Records provided: Begin

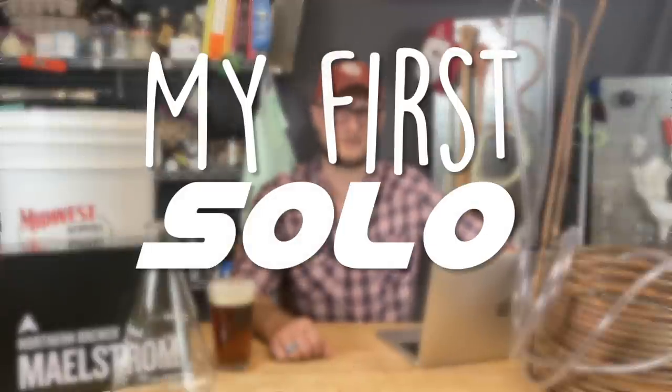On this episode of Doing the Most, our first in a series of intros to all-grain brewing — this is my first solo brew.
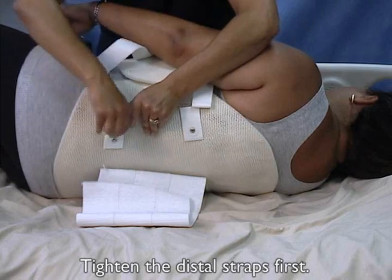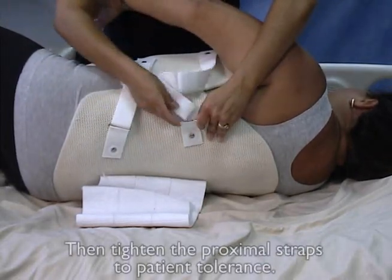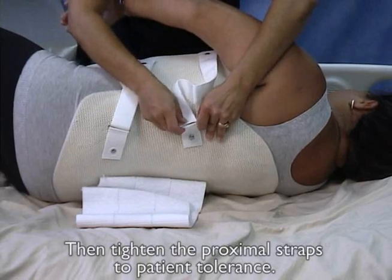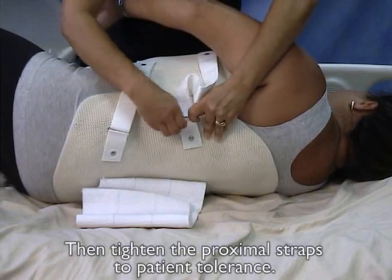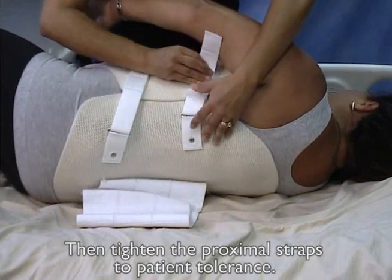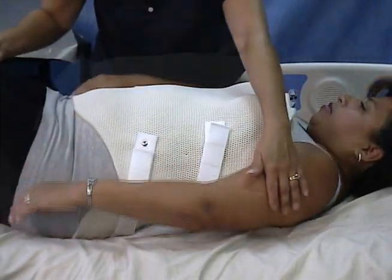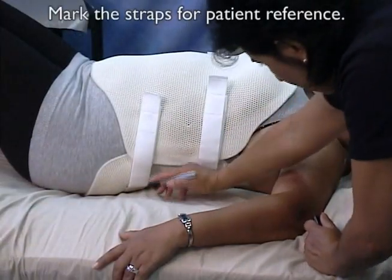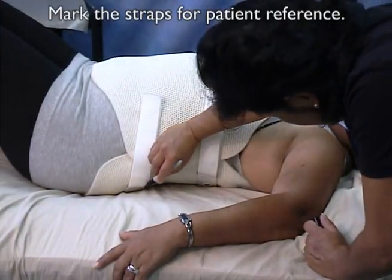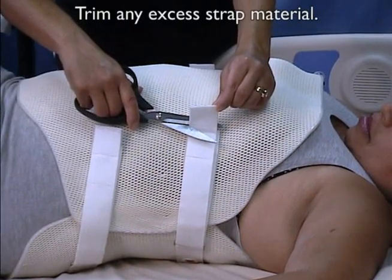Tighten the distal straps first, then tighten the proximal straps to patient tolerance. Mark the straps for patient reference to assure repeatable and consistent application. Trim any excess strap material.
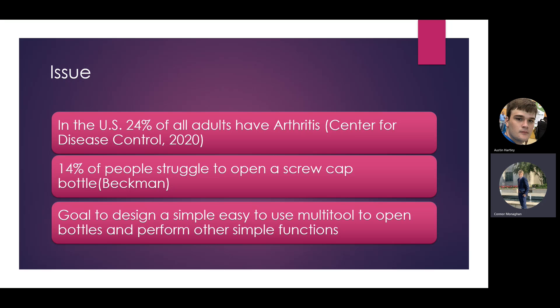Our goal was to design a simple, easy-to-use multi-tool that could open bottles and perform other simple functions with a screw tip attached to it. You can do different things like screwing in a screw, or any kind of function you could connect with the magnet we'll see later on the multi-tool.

Records provided: End
Records provided: Begin

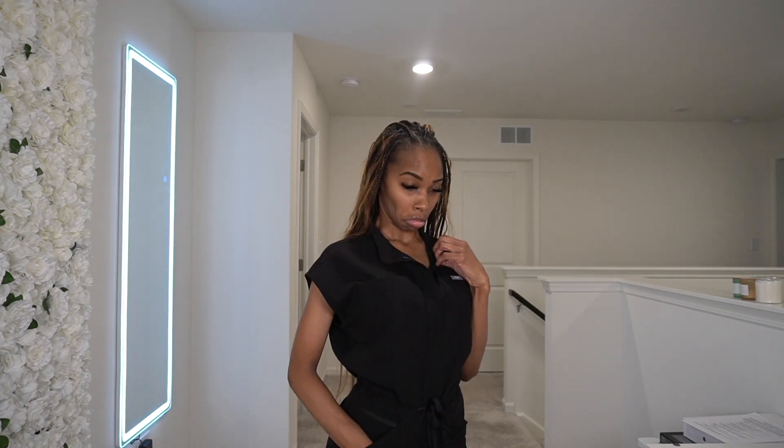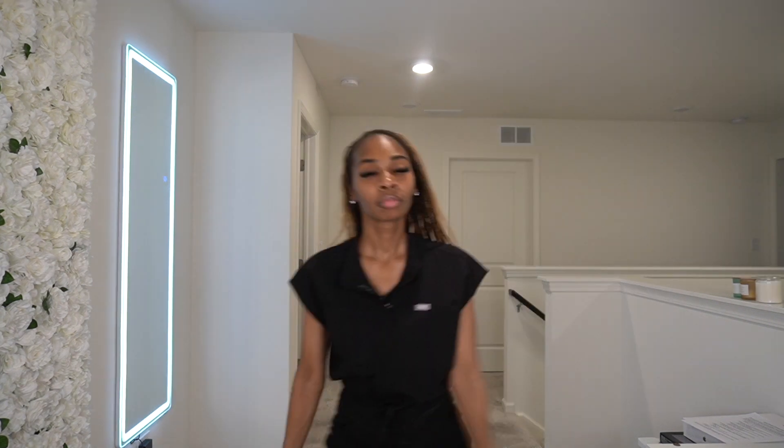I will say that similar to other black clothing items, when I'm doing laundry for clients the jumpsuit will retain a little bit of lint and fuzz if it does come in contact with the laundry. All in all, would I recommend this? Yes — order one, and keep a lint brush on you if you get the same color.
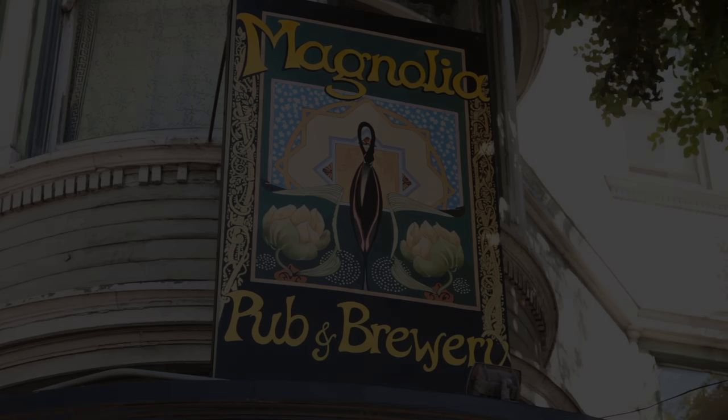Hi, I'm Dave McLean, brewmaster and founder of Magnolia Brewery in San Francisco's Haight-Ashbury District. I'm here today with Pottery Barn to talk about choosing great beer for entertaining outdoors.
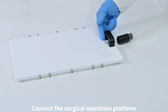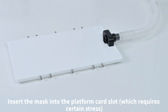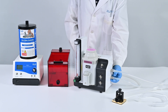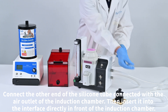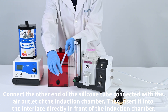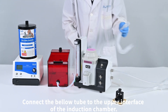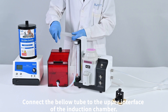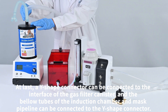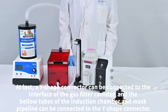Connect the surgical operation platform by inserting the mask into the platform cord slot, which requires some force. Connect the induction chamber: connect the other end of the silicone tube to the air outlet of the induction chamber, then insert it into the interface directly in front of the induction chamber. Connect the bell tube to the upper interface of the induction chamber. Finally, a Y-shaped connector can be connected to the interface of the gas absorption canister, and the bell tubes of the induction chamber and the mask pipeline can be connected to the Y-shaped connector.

Records provided: End
Records provided: Begin

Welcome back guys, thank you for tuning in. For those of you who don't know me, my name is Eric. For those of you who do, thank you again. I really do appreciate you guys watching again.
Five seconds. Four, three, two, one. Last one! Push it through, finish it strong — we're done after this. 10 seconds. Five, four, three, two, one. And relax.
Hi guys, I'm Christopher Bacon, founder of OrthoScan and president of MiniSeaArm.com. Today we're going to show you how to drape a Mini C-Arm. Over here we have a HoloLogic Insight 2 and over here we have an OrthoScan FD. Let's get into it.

Records provided: End

• How to complete this task:
In the listing above, find the line containing "Tighten the distal" and the line containing "Our goal was", then print exactly those two lines and every line between them, minus the pictures.

• Your solution:
Tighten the distal straps first, then tighten the proximal straps to patient tolerance. Mark the straps for patient reference to assure repeatable and consistent application. Trim any excess strap material.
Our goal was to design a simple, easy-to-use multi-tool that could open bottles and perform other simple functions with a screw tip attached to it. You can do different things like screwing in a screw, or any kind of function you could connect with the magnet we'll see later on the multi-tool.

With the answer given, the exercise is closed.